**PROBLEM TO WORK ON**
Transcribe everything in the listing below exactly, except the pictures.

Start of DATA SEGMENT

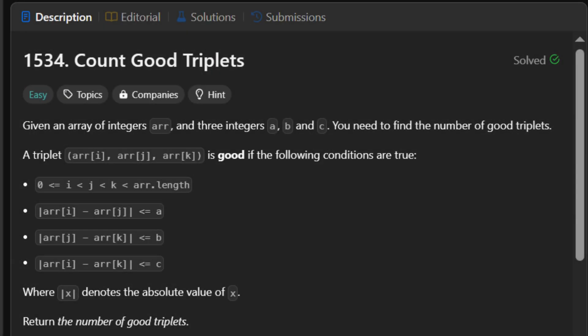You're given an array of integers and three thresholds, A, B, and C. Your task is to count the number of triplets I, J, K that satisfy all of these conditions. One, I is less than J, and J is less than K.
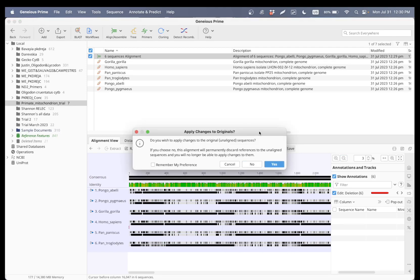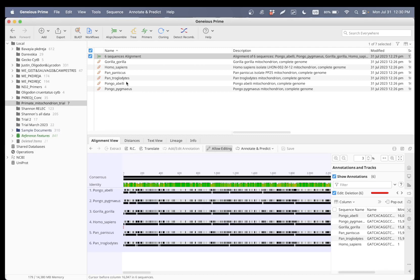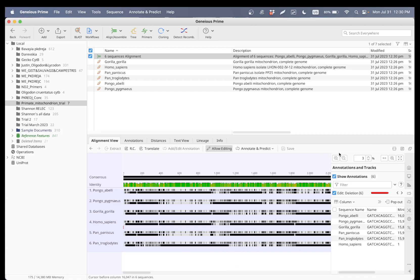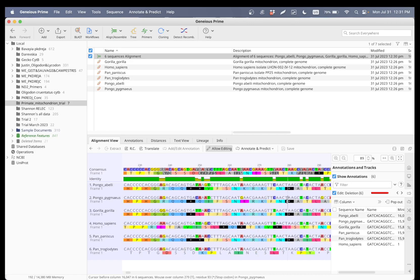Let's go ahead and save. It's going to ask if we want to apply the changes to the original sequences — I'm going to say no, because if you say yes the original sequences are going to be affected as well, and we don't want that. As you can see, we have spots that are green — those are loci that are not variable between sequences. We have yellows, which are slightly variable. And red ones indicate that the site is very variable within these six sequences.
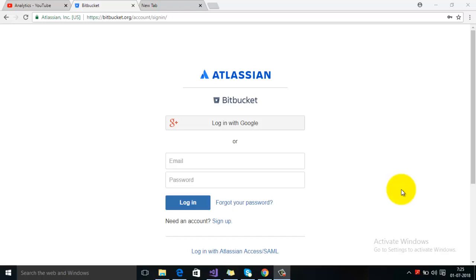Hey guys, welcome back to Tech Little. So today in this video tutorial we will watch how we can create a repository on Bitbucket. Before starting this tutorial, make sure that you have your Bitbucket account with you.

End of DATA SEGMENT

**YOUR RESPONSE**
You're given an array of integers and three thresholds, A, B, and C. Your task is to count the number of triplets I, J, K that satisfy all of these conditions. One, I is less than J, and J is less than K.
Let's go ahead and save. It's going to ask if we want to apply the changes to the original sequences — I'm going to say no, because if you say yes the original sequences are going to be affected as well, and we don't want that. As you can see, we have spots that are green — those are loci that are not variable between sequences. We have yellows, which are slightly variable. And red ones indicate that the site is very variable within these six sequences.
Hey guys, welcome back to Tech Little. So today in this video tutorial we will watch how we can create a repository on Bitbucket. Before starting this tutorial, make sure that you have your Bitbucket account with you.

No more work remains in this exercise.